Cosa servirebbe per rinforzare la squadra?
«Bisogna costruire una squadra con calciatori giovani, forti, ma quelli bisogna pagarli. Servono, inoltre, centrali difensivi affidabili per ogni competizione, che noi non abbiamo. E poi, a centrocampo, mancano elementi di qualità, in grado di costruire il gioco: con Muntari, De Jong e Poli, che apprezzo per l’impegno, questo non è possibile. Infine, bisognerebbe sostituire degnamente Mario Balotelli».
Proprio su “Super Mario”, secondo lei è un bene o un male averlo venduto al Liverpool?
«Balotelli, a mio modo di vedere, era un lusso per il Milan, perché non poteva essere un leader. Nel Liverpool, al fianco di una persona dal grande carisma come Gerrard, Balotelli potrebbe rivelarsi la classica ciliegina sulla torta. Mario è un elemento dalle grandi doti tecniche, ma con un carattere un po’ particolare. Però garantiva gol sempre importanti. Ora noi tifosi rossoneri possiamo sperare che El Shaarawy torni quello di due anni fa e Pazzini risolva i problemi fisici. Posso capire le scelte del Milan che ha venduto l’attaccante, però bisogna sostituirlo degnamente per non indebolire la squadra».
Sappiamo che il Catanzaro è la sua seconda squadra per motivi familiari, nonostante sia nato a Reggio Emilia. Segue ancora le sorti della squadra giallorossa?

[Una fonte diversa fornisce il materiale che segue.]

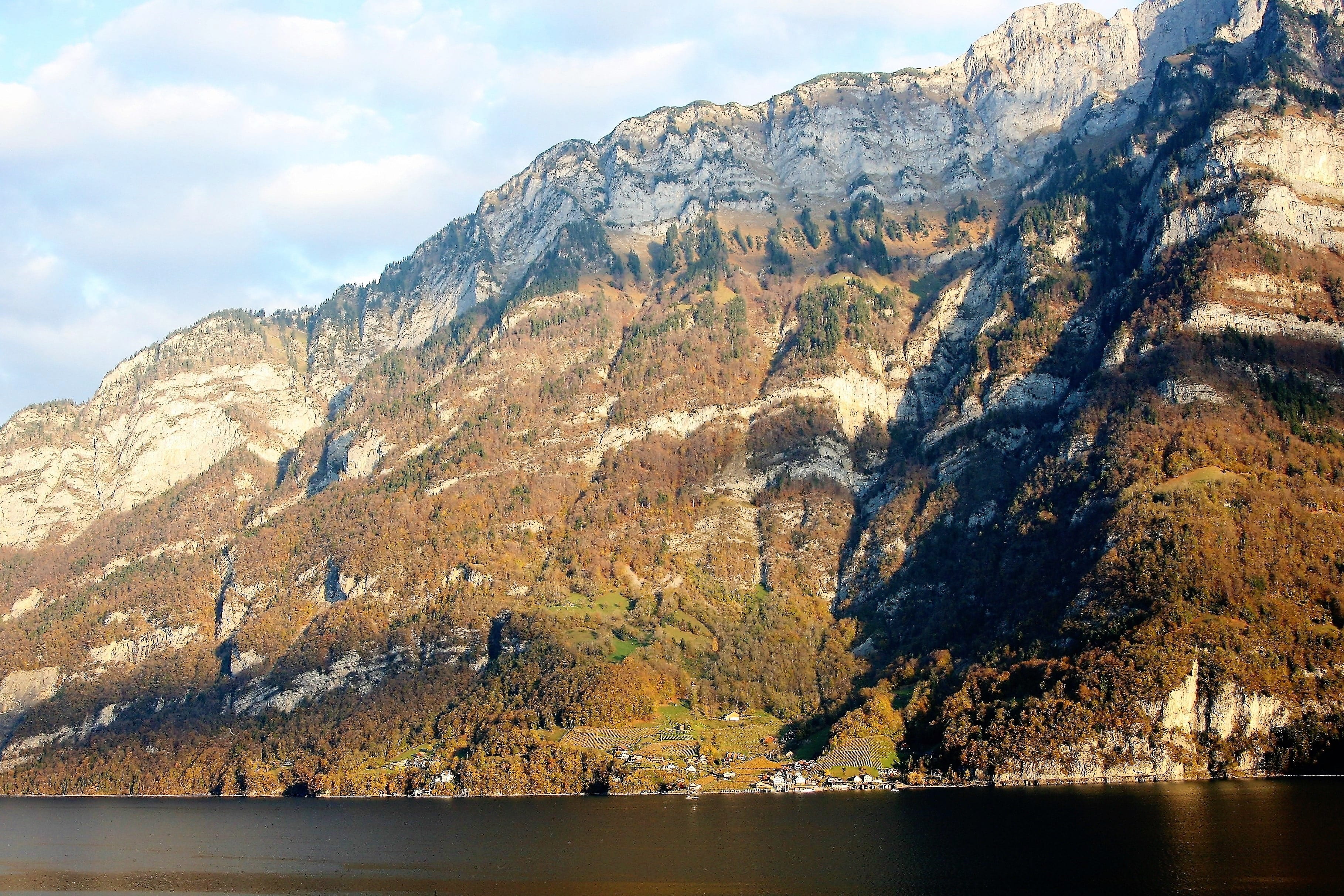 rocky, non-urban scene, tranquil scene, mountain trekking, colorful streaks, landscape, scenery, tops, day, autumn, penetration, no people, sunny, sky, HD Wallpaper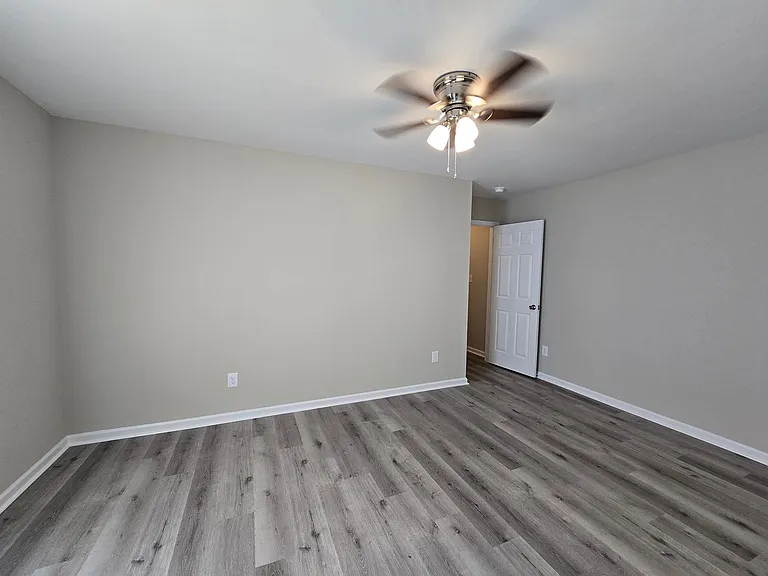 131B S 6th St — Photo 11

«Certamente, mio padre era nato a Guardavalle ed era un grande tifoso giallorosso, quindi leggo con piacere le notizie riguardanti il Catanzaro. Finalmente c’è una società solida, dopo anni di difficoltà e di questo sono contento. I tifosi sono passionali e credo che, con il presidente Cosentino, i giallorossi possano risalire la china. Ricordo la gioia di mio padre per la prima promozione in A avvenuta nel 1971 e poi il tanto entusiasmo grazie al presidente Nicola Ceravolo, a Palanca, Bivi, Mauro e tanti altri. Auguro le più belle cose alla compagine catanzarese e mi piace l’idea che la Curva festeggi ogni anno il compleanno di Massimo Capraro. Sarebbe straordinario ammirare il Catanzaro almeno in B, poi chissà…».
Biografia: Antonio Carioti (Reggio Emilia, 1961) lavora come caposervizio alle pagine culturali del “Corriere della Sera” e al supplemento letterario settimanale “la Lettura”. Tifa per il Milan da quando era bambino e ha l’abbonamento a San Siro dalla stagione 1986-87. Fino al 2004 abitava a Roma e quindi faceva la spola tra la capitale e Milano per seguire il Diavolo. Ha visto dal vivo la sua squadra in otto finali di Coppa dei Campioni e ne va molto fiero, perché nessuno juventino può dire altrettanto. Oltre a #incimaalmondo. Il manuale di chi tifa Milan, appena uscito da Fandango, ha dedicato alla sua passione rossonera il libro Con il Diavolo in corpo (Mursia, 2011). Per mestiere si occupa soprattutto di storia: è autore dei saggi I ragazzi della Fiamma (Mursia, 2011), Gli orfani di Salò (Mursia, 2008) e Di Vittorio (Il Mulino, 2004), di una Breve storia del presidenzialismo in Italia (Società Libera, 1997) e del pamphlet Maledetti azionisti (Editori Riuniti, 2001). Lo scorso anno ha curato per Laterza il libro Intervista sul potere con Luciano Canfora.